:: TASK MATERIAL ::
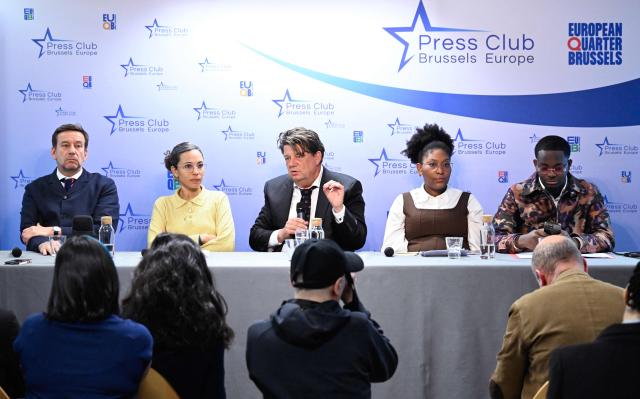 (From L) Belgian lawyers Christophe Marchand and Jehosheba Bennett, German lawyer of ECCHR  NGO Wolfgang Kaleck, and family members of murdered Congolese independence icon Patrice Lumumba Yema Lumumba and Mehdi Lumumba, hold a press conference following a hearing before a Belgian court to weigh prosecuting the sole surviving suspect over the 1961 killing, in Brussels, on January 19, 2026. Some 65 years after Lumumba was executed and his body dissolved in acid by separatists with the help of mercenaries from former colonial power Belgium, only one ex-official is still alive to face justice. That is 93-year-old Etienne Davignon, a one-time European commissioner, who was a novice Belgian diplomat at the time of Lumumba's killing. (Photo by JOHN THYS / AFP)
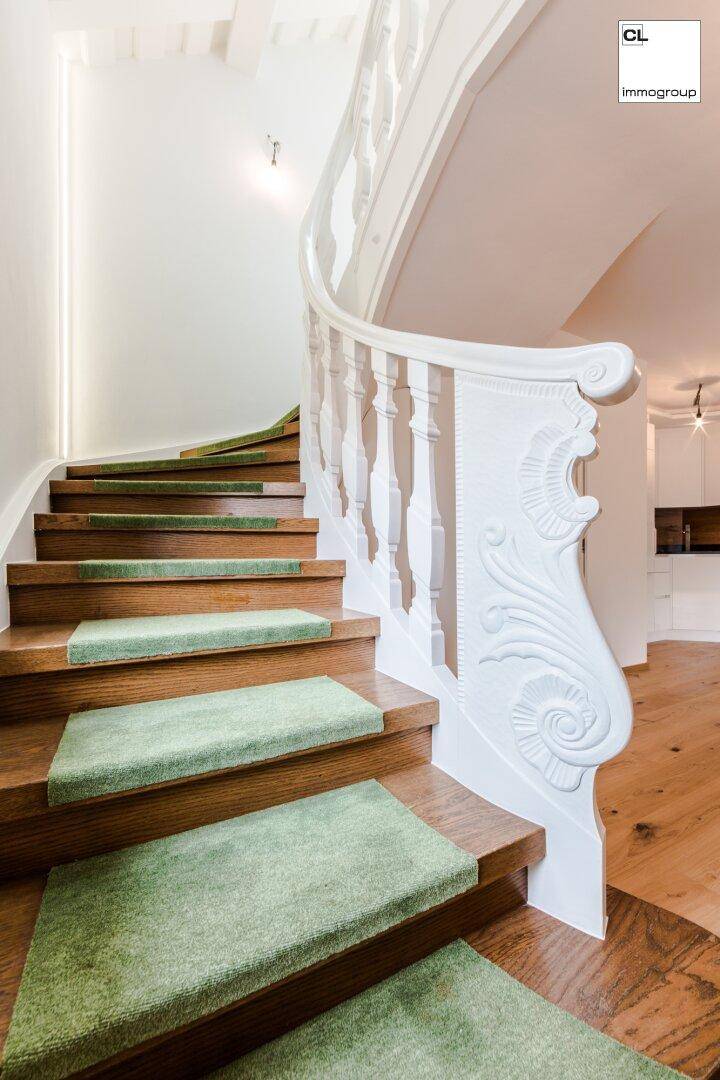 Elegante Holztreppe mit grünem Teppichläufer und kunstvoll geschnitztem Geländer.
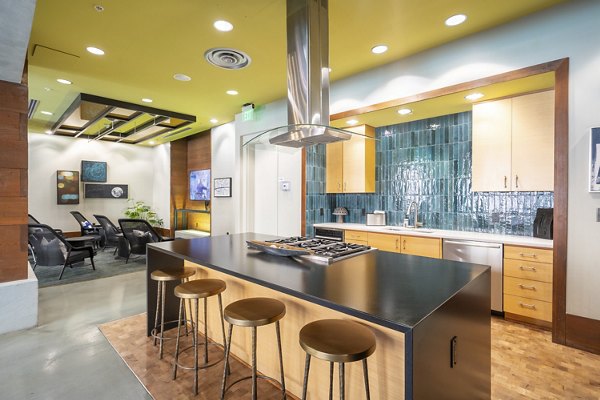 Stylish clubhouse with pool table at LINQ Midtown Apartments offering a luxurious social space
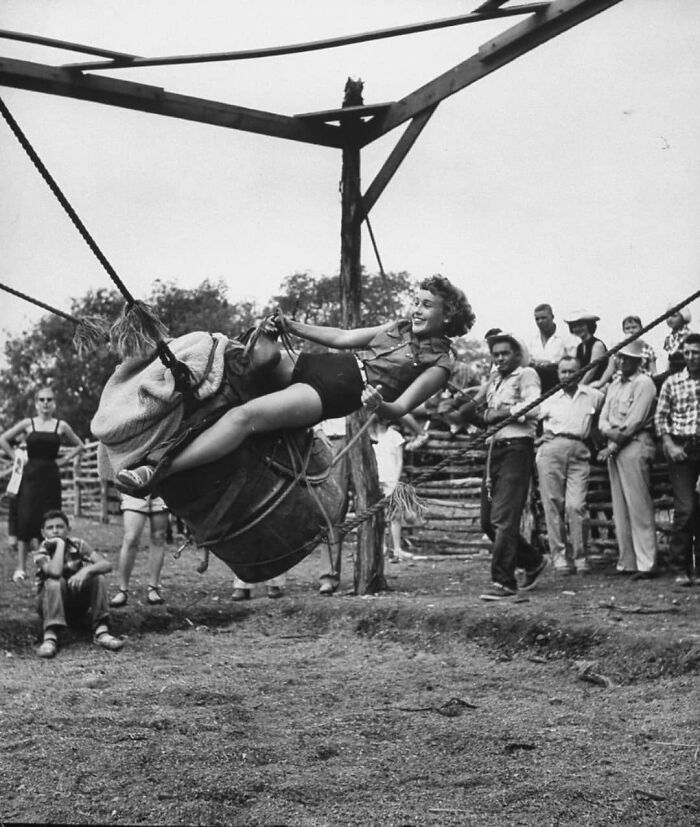 Woman enjoying a historical swing ride, surrounded by onlookers at an outdoor event.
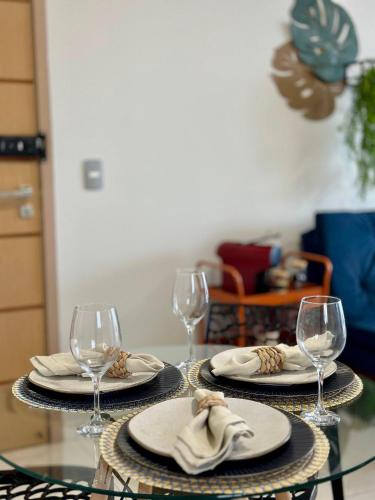 a table with two plates and wine glasses on it at (1209)Studio com vista panorâmica mar in São Luís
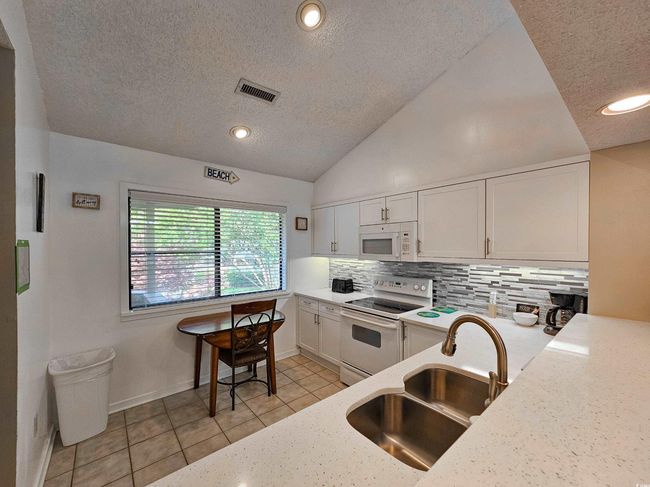 Kitchen with white appliances, a sink, a textured ceiling, tasteful backsplash, and light tile patterned floors | Image 11
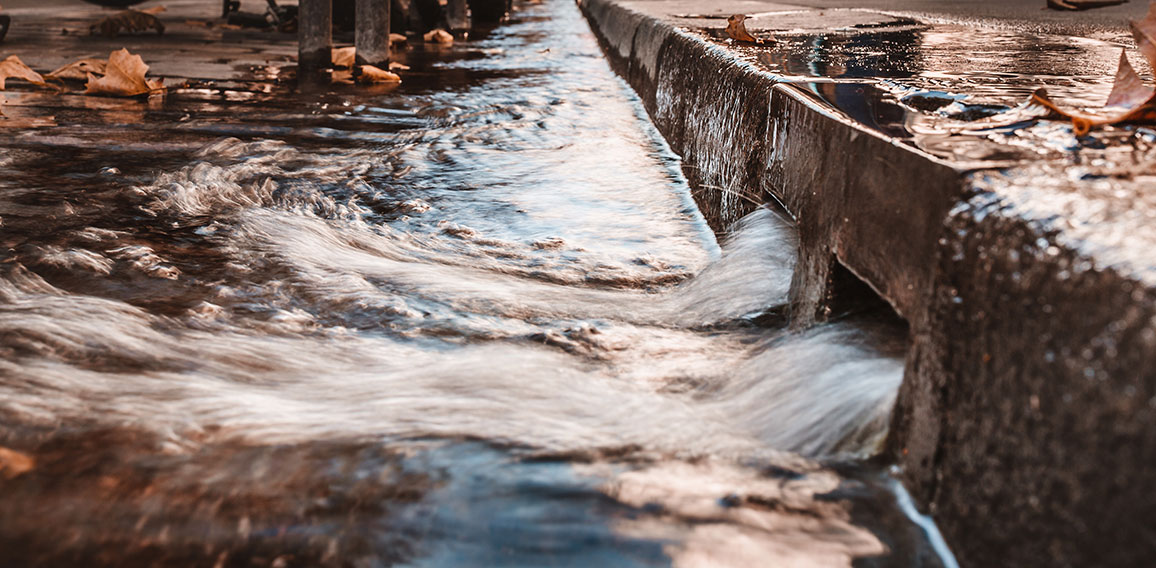 Stormy water on the sidewalk in a strong stream through curbs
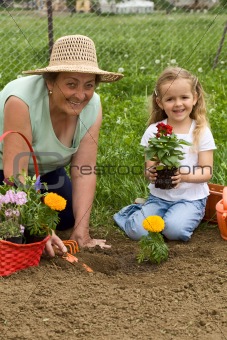 Grandmother teaching little girl gardening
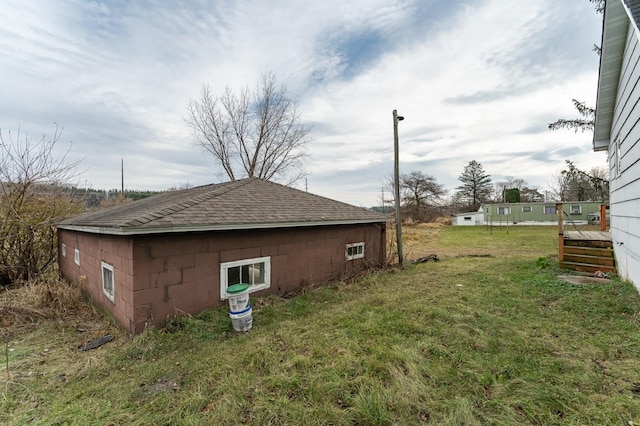 4163 Horseshoe Ct NE, Haverhill Twp, MN 55906 - view of side of property featuring concrete block siding, a lawn, roof with shingles, and a deck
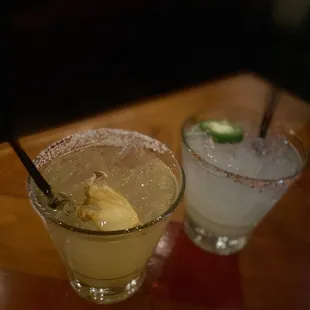 two cocktails on a table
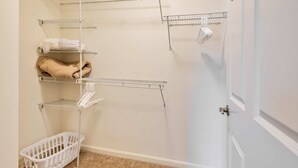 A laundry room with metal shelves, a white basket, and a beige towel. - Gorgeous Apt with Kitchen (Lexington)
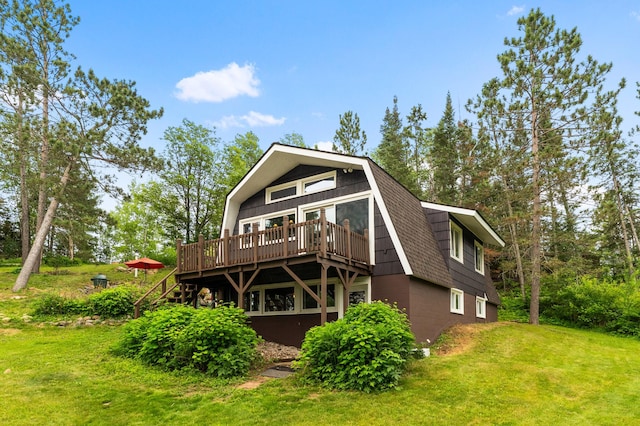 6618 Sumac Dr, Grand Lake Twp, MN 55803 - rear view of property featuring a gambrel roof, a wooden deck, and a yard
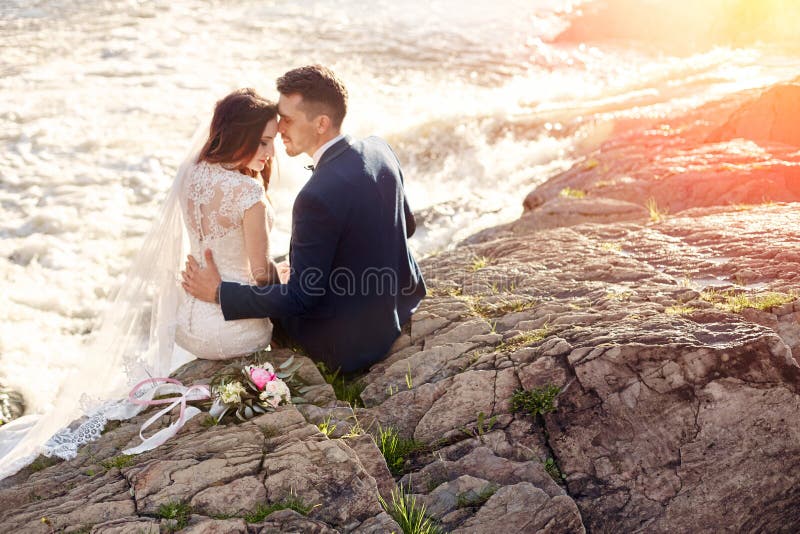 Le belle coppie amano baciare mentre si siedono sulle rocce si avvicinano al fiume immagine stock Le belle coppie amano baciare mentre si siedono sulle rocce si avvicinano al fiume immagine stock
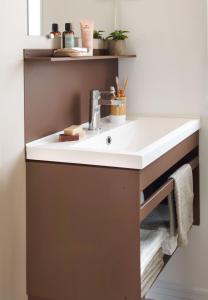 a bathroom with a sink and a counter at Frantheor Saint-Raphael 4 étoiles in Saint-Raphaël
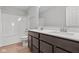Bathroom featuring dual sinks, white countertops, wood cabinets, and a shower with tub at 4186 Dutton Dr, Bargersville, IN 46106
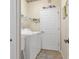 Functional laundry area equipped with washer, dryer, storage shelf, and easy access to outdoors at 9147 Rhett Ln, Weeki Wachee, FL 34613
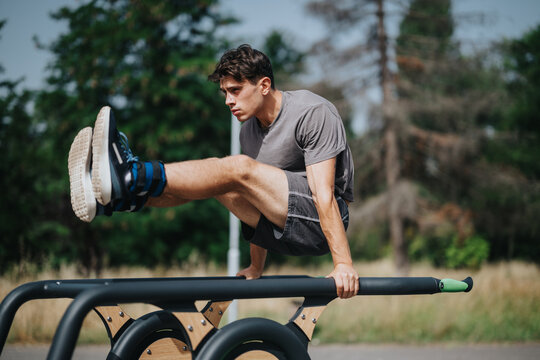 Young man performing abdominal exercise on parallel bars in a park. Outdoor fitness and health-focused activity.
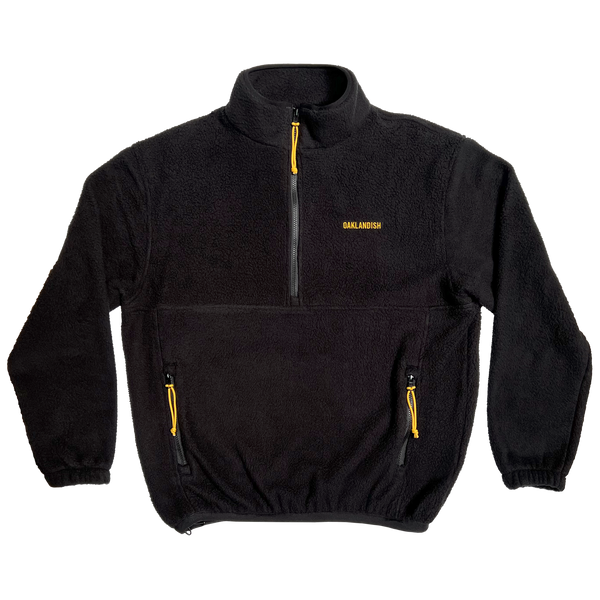 Black polar fleece pullover with 1/2 zip, yellow zip pulls two pockets, and yellow Oaklandish wordmark on the wearer's left chest.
:::
-- THE TASK --
No pictures go in the copy. Output exactly the lines from the line containing "two cocktails on a table" through the end of the listing above.

-- FINISHED TASK --
 two cocktails on a table
 A laundry room with metal shelves, a white basket, and a beige towel. - Gorgeous Apt with Kitchen (Lexington)
 6618 Sumac Dr, Grand Lake Twp, MN 55803 - rear view of property featuring a gambrel roof, a wooden deck, and a yard
 Le belle coppie amano baciare mentre si siedono sulle rocce si avvicinano al fiume immagine stock Le belle coppie amano baciare mentre si siedono sulle rocce si avvicinano al fiume immagine stock
 a bathroom with a sink and a counter at Frantheor Saint-Raphael 4 étoiles in Saint-Raphaël
Bathroom featuring dual sinks, white countertops, wood cabinets, and a shower with tub at 4186 Dutton Dr, Bargersville, IN 46106
 Functional laundry area equipped with washer, dryer, storage shelf, and easy access to outdoors at 9147 Rhett Ln, Weeki Wachee, FL 34613
 Young man performing abdominal exercise on parallel bars in a park. Outdoor fitness and health-focused activity.
 Black polar fleece pullover with 1/2 zip, yellow zip pulls two pockets, and yellow Oaklandish wordmark on the wearer's left chest.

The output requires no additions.